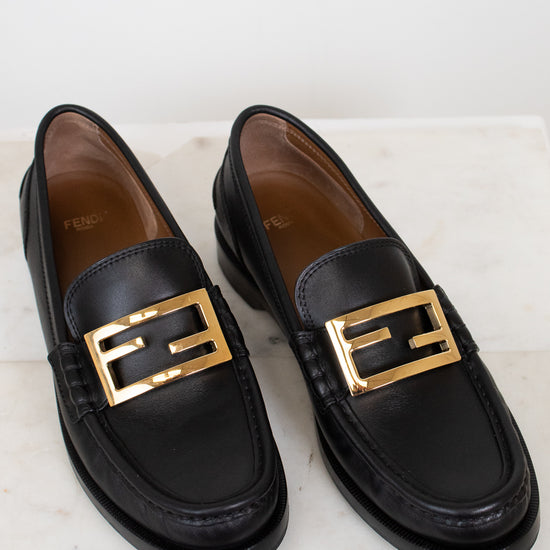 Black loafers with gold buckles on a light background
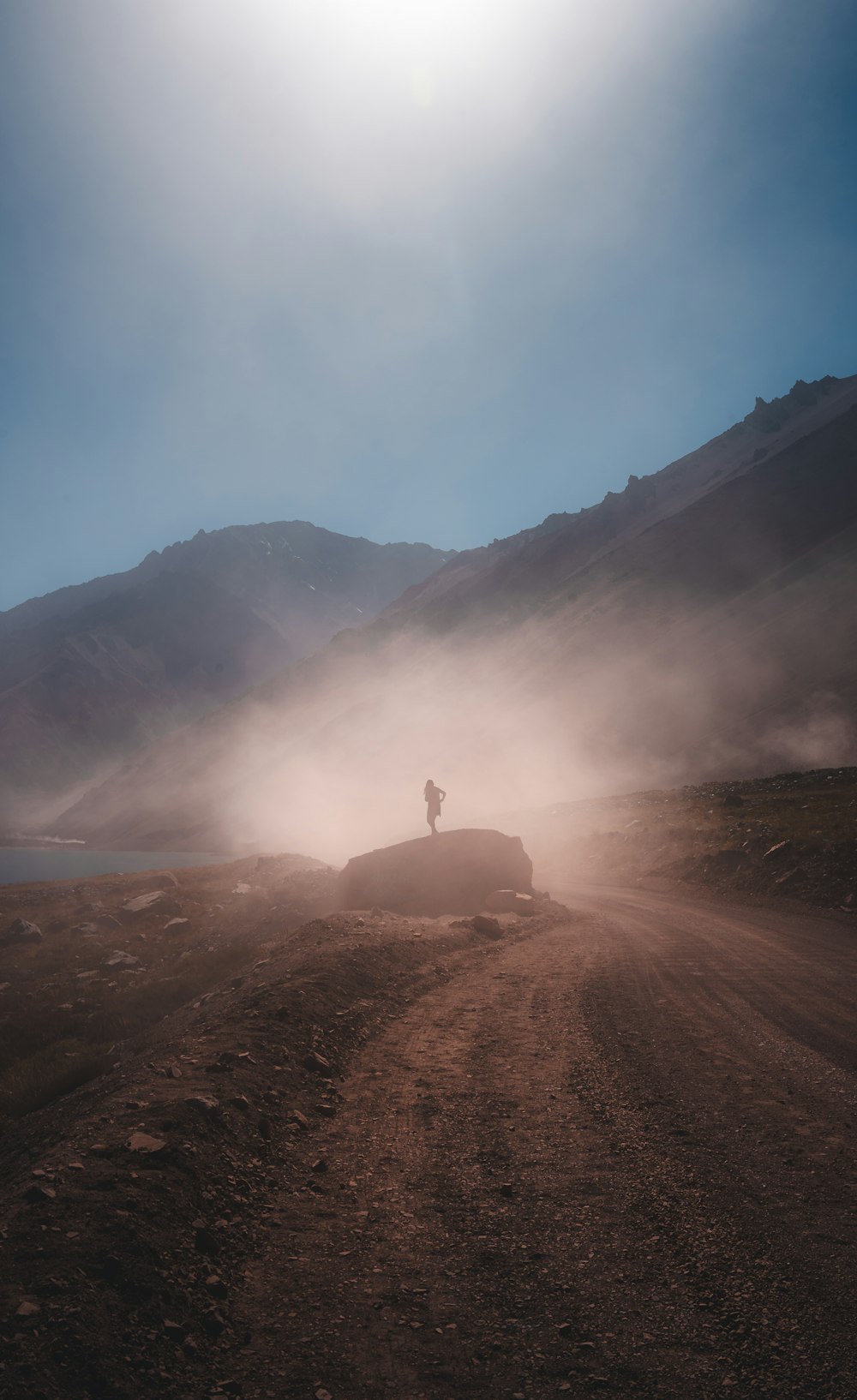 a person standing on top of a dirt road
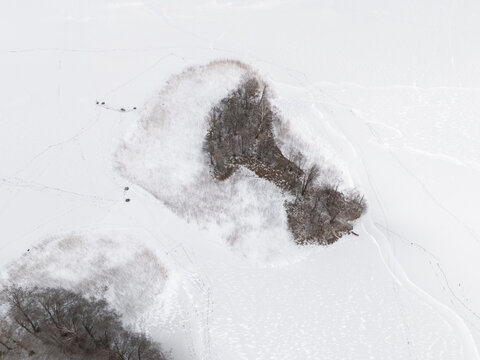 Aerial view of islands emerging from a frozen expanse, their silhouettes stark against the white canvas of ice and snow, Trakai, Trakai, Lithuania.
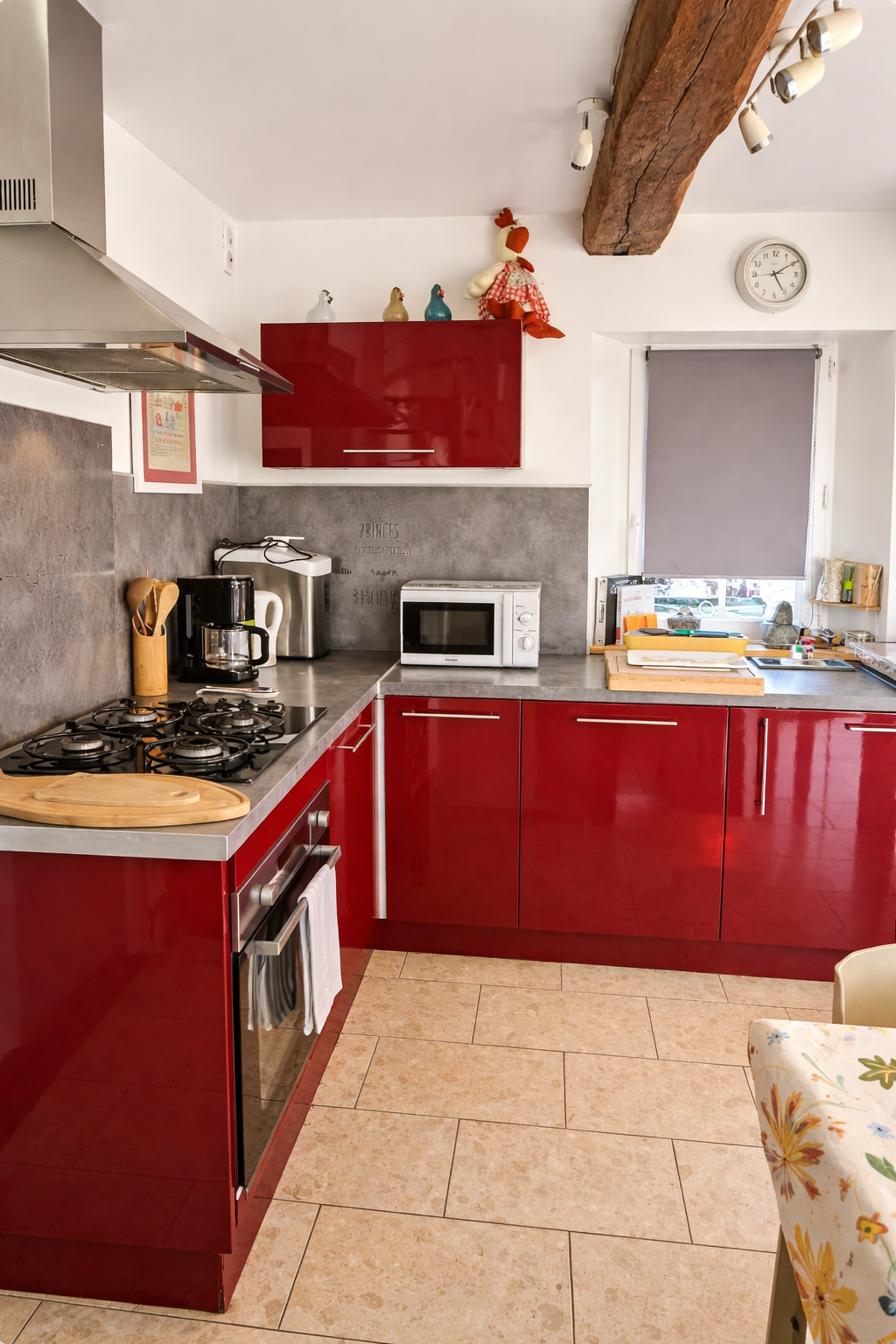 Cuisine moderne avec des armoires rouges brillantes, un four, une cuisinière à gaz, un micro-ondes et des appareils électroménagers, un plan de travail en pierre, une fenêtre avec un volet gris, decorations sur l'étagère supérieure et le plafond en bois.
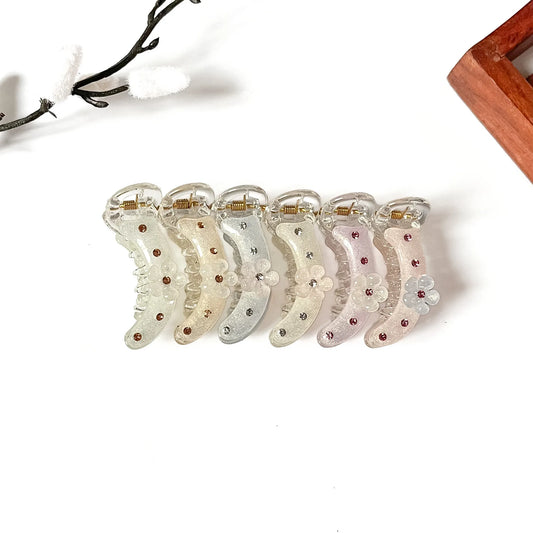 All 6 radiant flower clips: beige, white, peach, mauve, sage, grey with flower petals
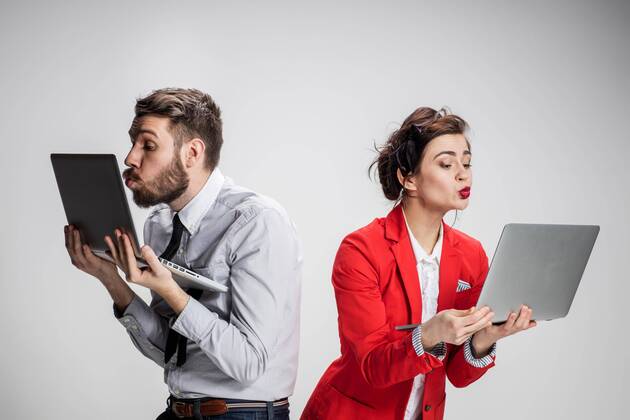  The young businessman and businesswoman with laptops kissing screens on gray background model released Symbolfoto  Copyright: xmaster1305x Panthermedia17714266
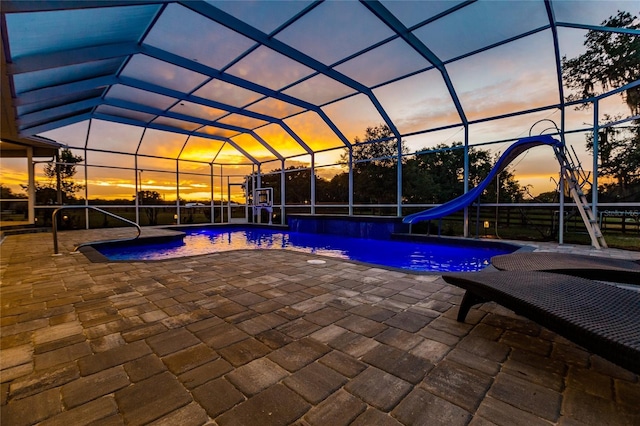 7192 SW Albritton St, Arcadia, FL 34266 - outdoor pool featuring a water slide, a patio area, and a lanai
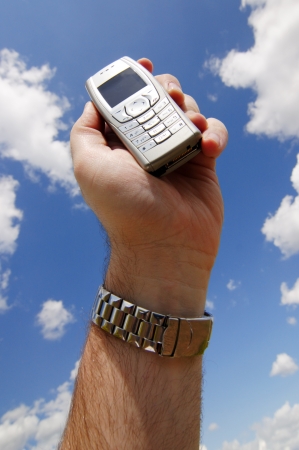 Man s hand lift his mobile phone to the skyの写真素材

YOUR INSTRUCTIONS ▸ What you give back must match the material word for word, with no images included.

SOLUTION TO THIS TASK ▸
 Black loafers with gold buckles on a light background
 a person standing on top of a dirt road
 Aerial view of islands emerging from a frozen expanse, their silhouettes stark against the white canvas of ice and snow, Trakai, Trakai, Lithuania.
 Cuisine moderne avec des armoires rouges brillantes, un four, une cuisinière à gaz, un micro-ondes et des appareils électroménagers, un plan de travail en pierre, une fenêtre avec un volet gris, decorations sur l'étagère supérieure et le plafond en bois.
 All 6 radiant flower clips: beige, white, peach, mauve, sage, grey with flower petals
  The young businessman and businesswoman with laptops kissing screens on gray background model released Symbolfoto  Copyright: xmaster1305x Panthermedia17714266
 7192 SW Albritton St, Arcadia, FL 34266 - outdoor pool featuring a water slide, a patio area, and a lanai
 Man s hand lift his mobile phone to the skyの写真素材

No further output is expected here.